Nihon Hidankyo is a worthy recipient of the Nobel Peace Prize, particularly in a world in which the risk of nuclear weapons use seems to be ever rising. I’ve written previously of the criticisms frequently leveled at the prize, which include the inauspicious individuals to whom it has at times been awarded and the committee’s use of the prize to make a political statement rather than to truly honor those who advance the efforts of peace. But this year’s recipient seems to fit the prize’s true purpose, which according to Alfred Nobel’s will is to recognize the individual or group “who shall have done the most or the best work for fraternity between nations, the abolition or reduction of standing armies and for the holding and promotion of peace congresses.”

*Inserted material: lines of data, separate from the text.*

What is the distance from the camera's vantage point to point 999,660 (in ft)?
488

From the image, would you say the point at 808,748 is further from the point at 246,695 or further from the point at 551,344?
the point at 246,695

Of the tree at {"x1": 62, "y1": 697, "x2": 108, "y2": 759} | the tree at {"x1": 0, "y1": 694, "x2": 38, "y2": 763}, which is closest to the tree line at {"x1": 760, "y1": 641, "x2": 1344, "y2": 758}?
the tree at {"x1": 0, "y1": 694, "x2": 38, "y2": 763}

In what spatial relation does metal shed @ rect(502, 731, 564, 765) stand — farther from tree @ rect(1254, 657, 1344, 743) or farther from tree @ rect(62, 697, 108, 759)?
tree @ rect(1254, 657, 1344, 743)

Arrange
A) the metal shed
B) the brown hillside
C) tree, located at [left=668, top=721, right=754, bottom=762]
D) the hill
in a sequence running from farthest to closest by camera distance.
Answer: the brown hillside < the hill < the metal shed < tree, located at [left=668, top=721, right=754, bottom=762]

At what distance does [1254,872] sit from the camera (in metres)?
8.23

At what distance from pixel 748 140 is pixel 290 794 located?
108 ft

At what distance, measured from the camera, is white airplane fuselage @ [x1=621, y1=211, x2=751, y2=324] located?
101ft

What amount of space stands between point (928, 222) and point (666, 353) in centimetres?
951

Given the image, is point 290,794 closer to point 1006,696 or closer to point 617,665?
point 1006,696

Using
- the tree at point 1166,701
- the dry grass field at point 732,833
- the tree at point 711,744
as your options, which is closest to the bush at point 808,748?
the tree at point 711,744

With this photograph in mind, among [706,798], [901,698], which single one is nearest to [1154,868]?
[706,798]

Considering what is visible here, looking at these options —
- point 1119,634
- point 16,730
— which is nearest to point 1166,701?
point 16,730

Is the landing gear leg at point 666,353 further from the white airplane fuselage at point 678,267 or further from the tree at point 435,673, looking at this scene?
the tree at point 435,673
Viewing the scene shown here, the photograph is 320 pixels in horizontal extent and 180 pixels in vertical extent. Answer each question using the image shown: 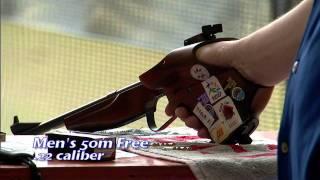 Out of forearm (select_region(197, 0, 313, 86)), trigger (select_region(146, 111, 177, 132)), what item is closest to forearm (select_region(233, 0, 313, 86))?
forearm (select_region(197, 0, 313, 86))

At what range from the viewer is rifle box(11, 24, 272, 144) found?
55 cm

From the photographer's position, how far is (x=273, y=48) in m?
0.50

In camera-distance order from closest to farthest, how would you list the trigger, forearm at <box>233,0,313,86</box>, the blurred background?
1. forearm at <box>233,0,313,86</box>
2. the trigger
3. the blurred background

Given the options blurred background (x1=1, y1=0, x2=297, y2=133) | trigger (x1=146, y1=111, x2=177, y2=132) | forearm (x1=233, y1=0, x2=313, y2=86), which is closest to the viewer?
forearm (x1=233, y1=0, x2=313, y2=86)

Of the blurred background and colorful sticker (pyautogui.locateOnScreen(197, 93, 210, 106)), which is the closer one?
colorful sticker (pyautogui.locateOnScreen(197, 93, 210, 106))

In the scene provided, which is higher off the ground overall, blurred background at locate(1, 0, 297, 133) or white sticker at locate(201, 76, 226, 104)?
blurred background at locate(1, 0, 297, 133)

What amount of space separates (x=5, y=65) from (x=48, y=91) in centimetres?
10

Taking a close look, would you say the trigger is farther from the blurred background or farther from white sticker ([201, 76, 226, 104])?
the blurred background

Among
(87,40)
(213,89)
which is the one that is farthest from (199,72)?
(87,40)

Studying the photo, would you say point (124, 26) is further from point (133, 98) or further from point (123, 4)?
point (133, 98)

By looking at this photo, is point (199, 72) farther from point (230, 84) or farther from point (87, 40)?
point (87, 40)

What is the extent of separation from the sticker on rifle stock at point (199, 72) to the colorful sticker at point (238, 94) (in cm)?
3

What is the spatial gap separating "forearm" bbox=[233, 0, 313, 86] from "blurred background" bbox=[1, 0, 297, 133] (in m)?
0.53

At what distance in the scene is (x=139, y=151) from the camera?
52 cm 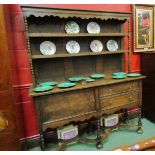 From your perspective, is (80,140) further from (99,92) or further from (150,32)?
(150,32)

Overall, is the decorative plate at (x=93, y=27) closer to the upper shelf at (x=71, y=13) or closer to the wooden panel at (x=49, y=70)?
the upper shelf at (x=71, y=13)

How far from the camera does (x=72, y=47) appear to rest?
2.37m

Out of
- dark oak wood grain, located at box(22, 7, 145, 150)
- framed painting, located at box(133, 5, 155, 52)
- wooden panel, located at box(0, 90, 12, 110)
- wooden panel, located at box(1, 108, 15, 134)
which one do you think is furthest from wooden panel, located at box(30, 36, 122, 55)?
wooden panel, located at box(1, 108, 15, 134)

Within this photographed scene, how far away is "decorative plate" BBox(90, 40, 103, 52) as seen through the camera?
250 centimetres

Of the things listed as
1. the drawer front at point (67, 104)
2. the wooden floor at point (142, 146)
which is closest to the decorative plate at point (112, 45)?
the drawer front at point (67, 104)

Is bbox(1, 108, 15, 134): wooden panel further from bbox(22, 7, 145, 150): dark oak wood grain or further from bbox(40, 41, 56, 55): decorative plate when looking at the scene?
bbox(40, 41, 56, 55): decorative plate

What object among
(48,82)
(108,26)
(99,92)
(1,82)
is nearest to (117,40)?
(108,26)

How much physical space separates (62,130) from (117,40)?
162 cm

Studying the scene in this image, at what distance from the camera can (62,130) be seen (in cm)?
226

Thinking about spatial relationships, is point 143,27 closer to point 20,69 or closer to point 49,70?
point 49,70

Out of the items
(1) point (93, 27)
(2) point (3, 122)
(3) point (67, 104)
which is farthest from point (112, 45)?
(2) point (3, 122)

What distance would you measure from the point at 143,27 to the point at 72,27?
1.33 metres

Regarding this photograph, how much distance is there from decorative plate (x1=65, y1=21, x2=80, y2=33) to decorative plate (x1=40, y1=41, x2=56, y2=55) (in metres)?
0.30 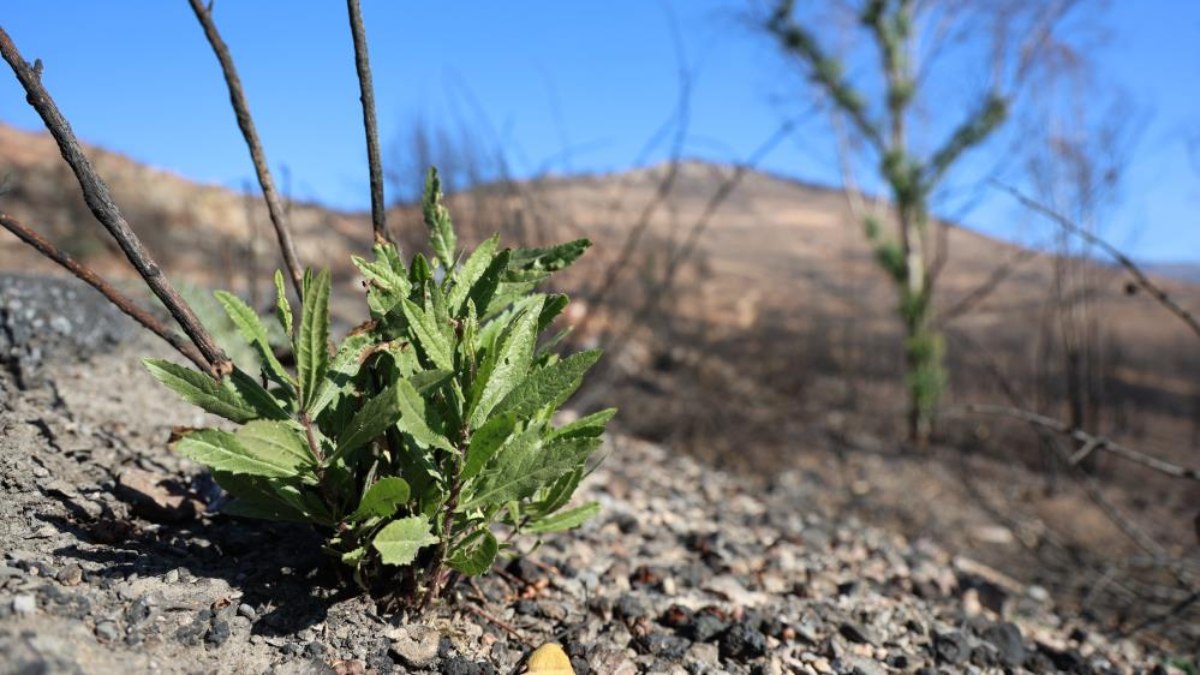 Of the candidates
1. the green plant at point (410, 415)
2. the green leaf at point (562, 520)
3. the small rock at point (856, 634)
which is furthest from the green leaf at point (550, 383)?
the small rock at point (856, 634)

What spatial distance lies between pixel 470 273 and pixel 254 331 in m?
0.36

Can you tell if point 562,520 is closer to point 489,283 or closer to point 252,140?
point 489,283

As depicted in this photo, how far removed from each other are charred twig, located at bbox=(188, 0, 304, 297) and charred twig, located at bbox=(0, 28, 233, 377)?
0.22 meters

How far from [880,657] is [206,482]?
4.91 ft

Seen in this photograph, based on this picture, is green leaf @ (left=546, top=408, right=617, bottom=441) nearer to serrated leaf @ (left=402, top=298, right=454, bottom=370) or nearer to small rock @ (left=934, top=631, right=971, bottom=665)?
serrated leaf @ (left=402, top=298, right=454, bottom=370)

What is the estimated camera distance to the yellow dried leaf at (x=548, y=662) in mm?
1521

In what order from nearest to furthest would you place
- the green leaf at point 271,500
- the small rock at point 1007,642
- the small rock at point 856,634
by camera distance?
1. the green leaf at point 271,500
2. the small rock at point 856,634
3. the small rock at point 1007,642

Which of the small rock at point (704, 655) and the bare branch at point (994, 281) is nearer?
the small rock at point (704, 655)

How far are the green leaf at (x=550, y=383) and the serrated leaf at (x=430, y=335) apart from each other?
0.12 meters

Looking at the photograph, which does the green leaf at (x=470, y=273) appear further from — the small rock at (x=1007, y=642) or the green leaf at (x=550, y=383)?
the small rock at (x=1007, y=642)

Since the creation of the first nuclear bombs, many have hoped and called for limiting their proliferation and even eliminating them altogether. Indeed, the Nobel Prize Committee has frequently recognized groups focused on nuclear disarmament, such as the International Campaign to Abolish Nuclear Weapons in 2017, the International Atomic Energy Agency in 2005, the Pugwash Conferences on Science and World Affairs in 1995 and the International Physicians for the Prevention of Nuclear War in 1985. The prize has also gone to individuals focused on nuclear disarmament, such as Linus Pauling in 1962 and jointly to Alva Myrdal and Alfonso Garcia Robles in 1982. When then-U.S. President Barack Obama was surprisingly awarded the prize in 2009, it was in large part because of his vision for a nuclear-free world.